Kris Beevers, CEO of NS1, wants to make sure organizations stay connected. The company’s Domain Name System (DNS) management technologies give customers such as Dropbox, LinkedIn and Yelp control over their web technology so they can keep up with the internet’s ever-evolving traffic flow and applications development.
“We are a critical path service for our customers, meaning if we go down, all of our customers go down, or at least have a very bad day,” Beevers said.
DNS is the internet’s foundational system that translates domain names – the .com, .gov, .edu URLs users type into browsers – to underlying service information, such as the IP addresses the browser goes to, to interact with applications.
Founded in the early 1980s, DNS hasn’t changed much, but the internet has. NS1 helps it catch up, and that makes the company stand out. “Being an independent provider of these services that direct traffic across your different cloud environments or across your different infrastructure is hooked into that trend as well and has helped establish our leadership,” Beevers said.
He started NS1 with two co-founders five years ago. Since then, he’s watched competitors such as Dyn get bought by bigger tech firms such as Oracle or private equity buyers, leaving NS1 a big fish in a small pond of independent DNS management companies. And that’s a good thing: NS1 has raised about $50 million in venture capital. “I spend a lot of my time thinking about which companies we should go buy as opposed to which companies might want to buy us,” he said.

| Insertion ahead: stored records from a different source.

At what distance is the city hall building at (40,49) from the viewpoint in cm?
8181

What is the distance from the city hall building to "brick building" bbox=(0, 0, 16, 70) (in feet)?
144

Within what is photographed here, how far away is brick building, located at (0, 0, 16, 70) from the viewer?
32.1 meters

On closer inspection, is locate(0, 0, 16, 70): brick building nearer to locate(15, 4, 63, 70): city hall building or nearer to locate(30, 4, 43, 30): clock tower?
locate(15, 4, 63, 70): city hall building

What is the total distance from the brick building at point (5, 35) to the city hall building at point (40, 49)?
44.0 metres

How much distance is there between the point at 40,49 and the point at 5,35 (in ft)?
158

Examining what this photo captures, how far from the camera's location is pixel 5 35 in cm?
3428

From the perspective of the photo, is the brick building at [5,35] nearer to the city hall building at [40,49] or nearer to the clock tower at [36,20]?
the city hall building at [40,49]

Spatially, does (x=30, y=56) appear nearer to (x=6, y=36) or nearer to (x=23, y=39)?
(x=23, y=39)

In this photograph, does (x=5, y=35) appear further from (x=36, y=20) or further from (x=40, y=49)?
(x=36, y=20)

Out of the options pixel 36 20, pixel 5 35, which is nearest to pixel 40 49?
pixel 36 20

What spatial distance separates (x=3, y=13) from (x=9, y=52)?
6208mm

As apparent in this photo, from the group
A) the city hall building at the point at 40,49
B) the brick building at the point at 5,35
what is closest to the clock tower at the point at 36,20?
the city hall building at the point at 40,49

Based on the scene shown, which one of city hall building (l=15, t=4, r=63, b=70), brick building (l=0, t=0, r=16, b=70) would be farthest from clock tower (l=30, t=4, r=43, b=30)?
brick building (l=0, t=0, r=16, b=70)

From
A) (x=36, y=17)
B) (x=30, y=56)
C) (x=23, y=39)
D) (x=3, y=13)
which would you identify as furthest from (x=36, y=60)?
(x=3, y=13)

NS1 has about 100 employees at six locations worldwide, but it’s always looking for more. “It’s a deep technology area and there’s not that many people in the world that really understand it at depth,” Beevers said. So, the company is creating its own talent pool. Last week it launched an online certification around to DNS to help people understand DNS.
Besides a solid technical background, Beevers looks for workers who fit culturally at the company. “We want people who really look for leadership opportunities within our company, without our company in the broader community, and take charge.”

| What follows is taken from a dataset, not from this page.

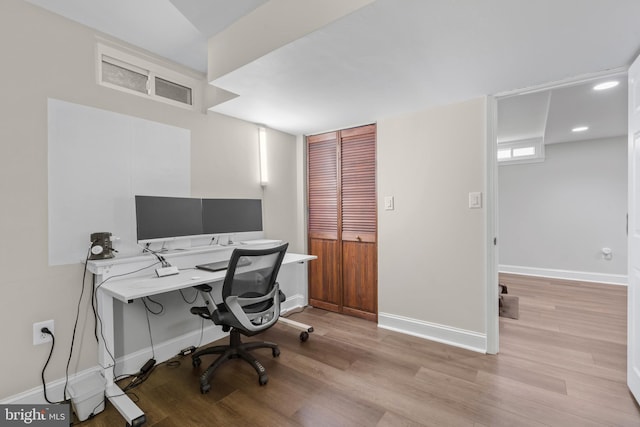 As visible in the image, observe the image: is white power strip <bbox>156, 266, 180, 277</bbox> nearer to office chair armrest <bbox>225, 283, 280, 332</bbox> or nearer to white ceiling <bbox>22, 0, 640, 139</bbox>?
office chair armrest <bbox>225, 283, 280, 332</bbox>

This is the second internet infrastructure company Kris has helped lead. Previously, he was at Voxel where he built content delivery networks, cloud, bare metal and other infrastructure products before selling the company to Internap in 2011.
Being a CEO has taught him to have faith in others. “When you start a business and you’re the founder, you are all things. You are the salesperson and the marketing person and the engineer and the product marketer and everything in between,” Beevers said. “What happens, if you are succeeding, over time is you bring people into the business who are better than you at all of those things. One of the key lessons I’ve had to learn as CEO over the years is to let go of stuff.”
Fast Five with Kris Beevers
When did you want to be a CEO?
I was smaller than I can remember. There’s two things I always wanted to do: I always wanted to get a Ph.D. and I always wanted to start businesses. I did the first one and now I’m doing the second one.
What is your favorite question to ask on a job interview?
What gets you out of bed in the morning? What are they really excited about?
What is the single most important trait for a leader?
Clarity of purpose and vision.
What’s the key to finding new revenue sources?
Engage your customers.
On a scale of 1 to 10 (1 being the lowest and 10 being the highest), how much of a priority do you put on the following things at your company: people, process and technology?
People is a 10. None of the rest matters if your people aren’t working effectively together, communicating effectively together. Technology is the next one, in the 7 or 8 range. Process is a 5 or 6. It’s a necessary evil.